The World According to Jimmie Vaughan

If these cars look like they were frozen in time back somewhere in the early '60s, then, well, so does Jimmie Vaughan. In fact, he reminds me of some of the older kids when I was in elementary school. He looks like one of those kids that just never made the transition to Beatle boots or the "dry look." America in the early '60s was full of guys with DA haircuts, pompadors with the sides slicked back and leather jackets who looked like they just stepped out of West Side Story...and, well, they look pretty much like Jimmie does today.

Jimmie Vaughan ain't Joe College, but he does look exactly like the guy who you would want to see driving the Impala, the Riv or the '51 Fleetline. None of it looks dated; the whole combination of the three cars just looks cool, and after some thought you realize they are from and era that ended just about 30 years ago, while at the same time looking very up-to-date and hip...and Jimmie fits the whole scene.
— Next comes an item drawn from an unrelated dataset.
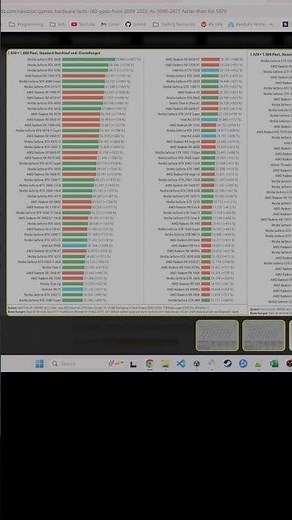 What are the Top 10 Graphics Cards For Your Money in 2025?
I seemed to have momentarily lost sight of the fact that the sub-head for this little section if "The World According to Jimmie Vaughan." Here are some of his insights gleaned from several days of conversation while shooting these photographs.

"I think that a lot of people would feel that riding around in a metalflaked 1960 Chevy with pearl white naugahyde upholstery and taillights that look for all the world like chrome-plated refugees from some marital aid catalogue is no way to go through life...or so it would seem to people outside the custom car world. But for us it's magic, we wouldn't have it any other way. And this is a large part of the appeal of cars like the Impala as well as my '51 Fleetline Riviera. the Impala is just a little more over the top. I think we like the fact that a good portion of adult America would simply be too self conscious to enjoy owning let alone being seen in an outrageous looking custom.


"The cars are, for me, pure fantasy. They have nothing at all to do with reality. It's like living a dream. After all, they don't make very good transportation. I mean, what I am trying to do is just live out the dreams of my youth. These are the cars I wanted when I was a 1-year-old kid back in Dallas.

"I have literally been fascinated with cars as long as I can remember. A couple of years back my mother ran across some drawings of cars I did back in '55 and '56. I would have been four or five, I guess. Recently, she had them framed and gave them to me. One looks like a '56 Chevy drawn by a four-year-old with some kind of roof rack. I guess this stuff has always been with me.